Ms. Brooking lets us know that watermelon is an excellent source of vitamins A and C, and potassium, which we know contribute to good health.   I always thought we needed to eat bananas for potassium.  And the calorie count is very low, with two cups, and who can eat so much, only 80 calories.  Of course, keeping the grandchildren hydrated in the summer is a problem, and watermelon, according to Ms. Brooking, is 92% water.

Next, Ms. Brooking says it is healthy because of its color, because watermelon is loaded with something called lycopene:

“Lycopene gives watermelon (as well as tomatoes, pink grapefruit and guava) its red color – and  strong antioxidant properties. Some studies suggest lycopene can help prevent cardiovascular disease, while others show that it may help protect against certain cancers as well as cataracts. For the most lycopene, make sure your watermelon has a deep pink color, rather than a white-pink hue.”

And something else called citrulline:

“Among all of the produce picks, watermelon is the best source of citrulline. Citrulline is an amino acid that our bodies convert to arginine, an essential amino acid that plays a key role in relaxing blood vessels, helping to improve blood flow. The potassium in this fruit also helps lower blood pressure.”

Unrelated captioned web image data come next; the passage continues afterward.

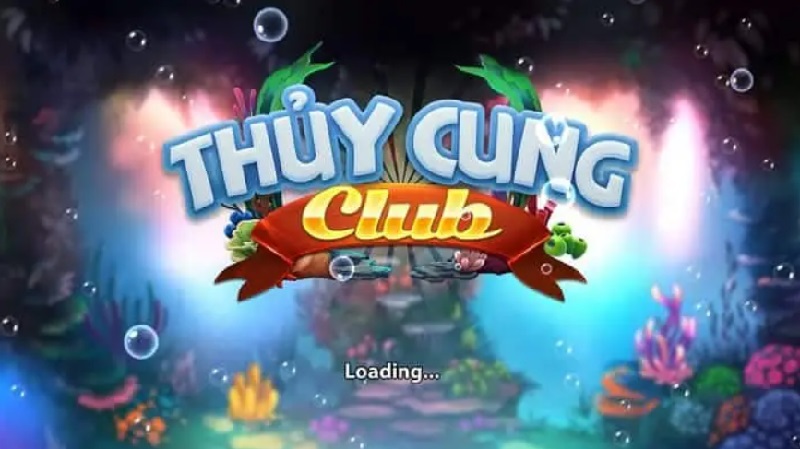 Hướng dẫn chơi game thủy cung tại Zowin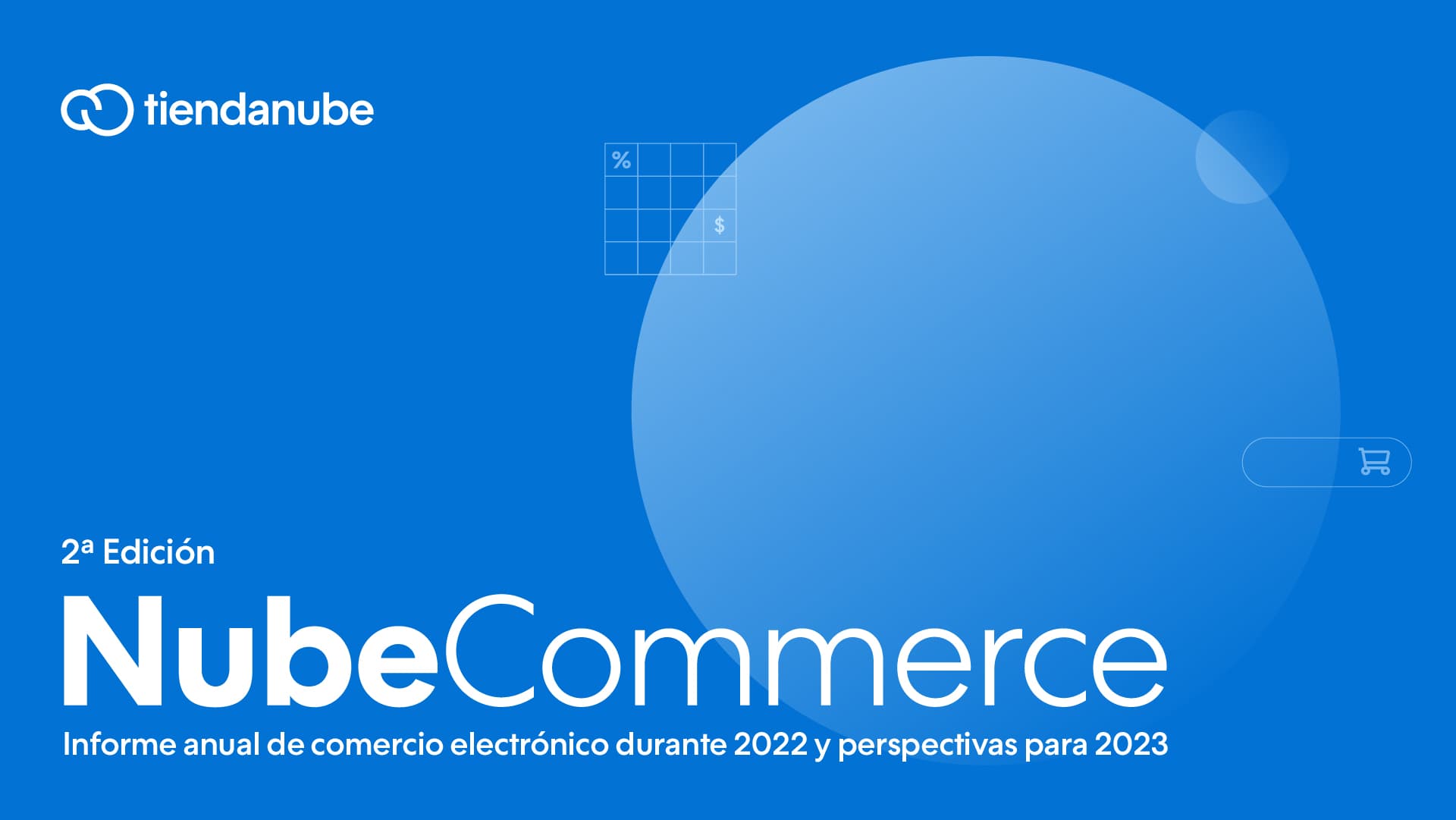 Datos sobre comercio electrónico en México [2022-2025]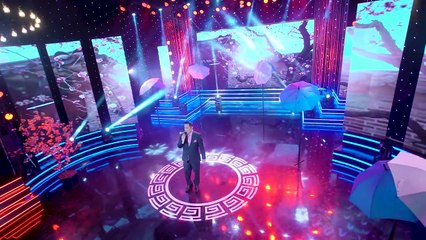 ĐẮP MỘ CUỘC TÌNH, LẠI NHỚ NGƯỜI YÊU | ĐỈNH CAO NHẠC BOLERO HẢI NGOẠI GIỌNG CA ĐỂ ĐỜI TUYỆT HAY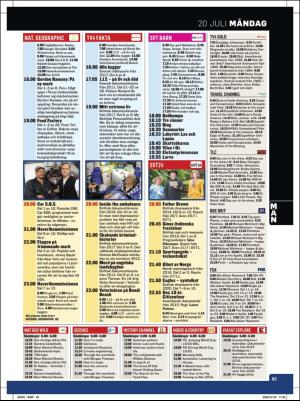 tv14-20200711_000_00_00_093.pdf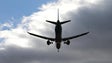Imagem de Brasil passará a exigir quarentena de cinco dias a viajantes não vacinados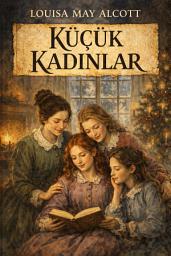 Icon image Küçük Kadınlar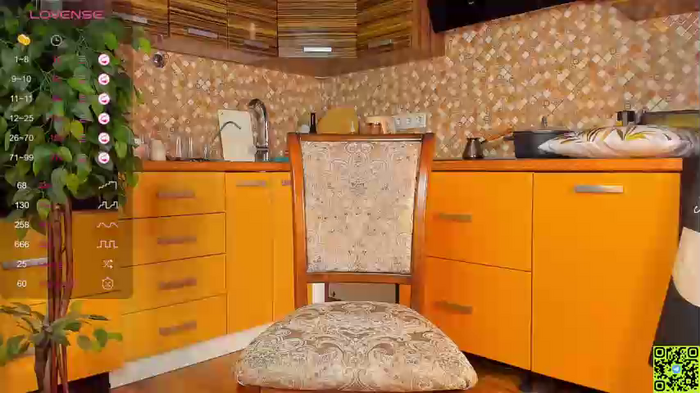 udelaborom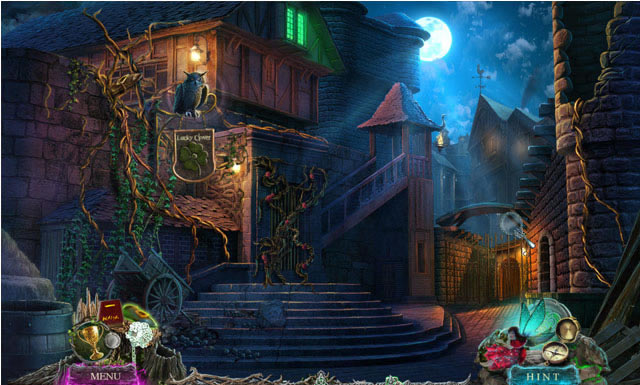 ���紫��4����ħ����Ů��Ϸ��վ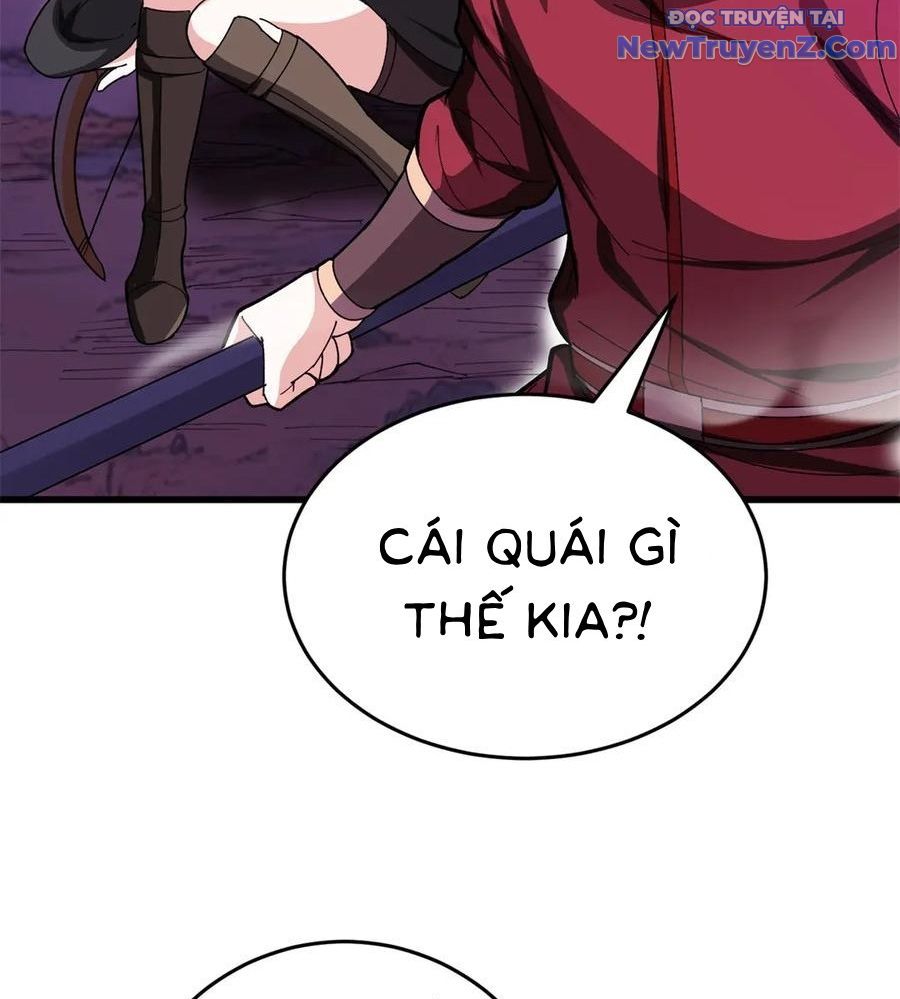 page_21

This is definitely something we should share with the parents of our grandchildren.   Read her entire article on WebMd.

Now that we grandmas know the value of watermelon in our diet, we can eat as much as we want and fill ourselves up with water and little calories.  There are lots of fun recipes we can make for and with our grandchildren.  Check out Super Healthy Kids.

There is even a Watermelon website, with activities to do with kids with watermelon, as well as recipes. Our grandchildren demand seedless watermelon and wonder why it still has seeds.  We can learn more about the science of watermelon with our grandchildren on the watermelon site as well.

Now, we have to remember red is good.  There are even tips on how to pick a sweet watermelon to share with our grandchildren.